Koçak “tries to tear down dominant paradigms” (11) by putting all information which is presented as “reality” into test by comparing them to first-hand sources such as documents, memories and newspapers. His main concern is to free statements and events that “describe the interplay of relations within” them and outside them.[1] Although he believes in an “alternative paradigm” which is going to save the honor of historiography in Turkey, such an alternative paradigm is not completed yet. For Koçak, his writings (11) and other writings by scientific and objective historians will contribute to the formation of a new paradigm.
Koçak’s concern for acting in a scientific and objective manner is so strong that it leads him to argue that “a serious scientist [is the one that] analyzes the adventure of Turkish society as a subject of which he/she is not a part” (174).
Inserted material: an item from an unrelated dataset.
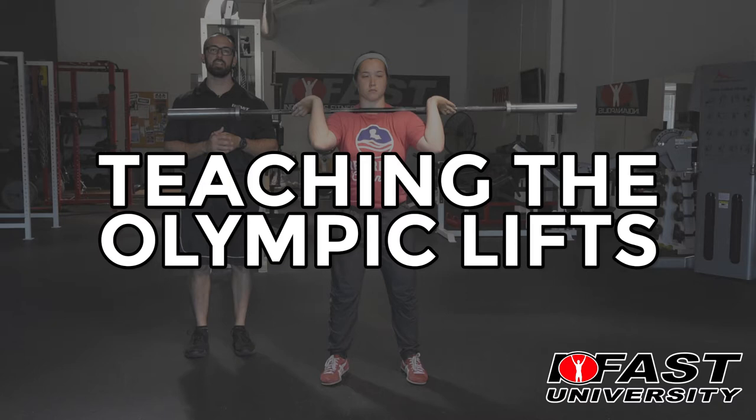Hey guys, Brandon here with IFAST University. I want to welcome you to a three-part series on Olympic weightlifting. With the advent of CrossFit and all the social media that's going on, we see more clients than ever walk through the doors that want to get into Olympic weightlifting, or they're doing it in their weight room at high school or college. Our three populations we're really concerned about are high school and college athletes, because their coaches typically associate Olympic weightlifting with power development. We want to make sure that they can do things very safely and effectively, preventing injury during their season or their time at school.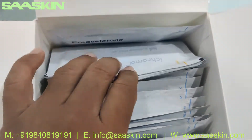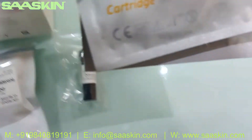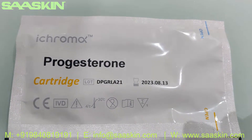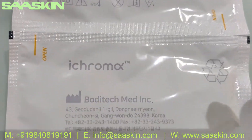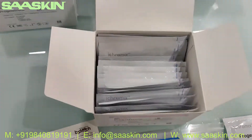Inside you can see — this is a 25-test kit pack, so you have 25 cartridges here. Let me take out two cartridges so you can see how the cartridges look like. So you've got the 25 cartridges here.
When we compare this argument to Michel Foucault’s assertion of the ‘impossibility to speak on our own archive’, at first sight Koçak appears to be going too far. For Foucault, “it is not possible for us to describe our own archive, since it is from within these rules that we speak, since it is that which gives to what we can say”.[2] In short, “archives remain unthought at the time they are operant”.[3] The natural result of this argument is that “the description of the archive deploys its possibilities on the basis of the very discourses that have just ceased to ours.”[4]
Then, are we going to sink into a deep silence about our own archive? Of course, not! For Foucault, when one is dealing with the time of which an author is not a part, one has only to describe it. When it comes to the time when the author is part of, however, “the problem is to free oneself from it.” In other words, “when it is a matter of determining the system of discourse on which we are still living, when we have to question the words that are still echoing in our ears, which become confused with those we are trying to formulate, the archaeologist, like the Nietzschean philosopher, is forced to take a hammer on it.”[5] The history of the present is just made possible by “presenting a critique of our time.”[6]
Of course, Koçak is one of those who are very critical of the near past of Turkey. I think his concern to be scientific and objective must be understood as a critical stance on the near past. “Who is critical and a historian?” is the main question of Koçak and it travels over his all writings (425). In a country where there is a “literature of praise” which everyone takes for granted (174), Koçak undertakes to criticize and undermine this literature of praise by shedding light on hidden/forgotten/distorted things.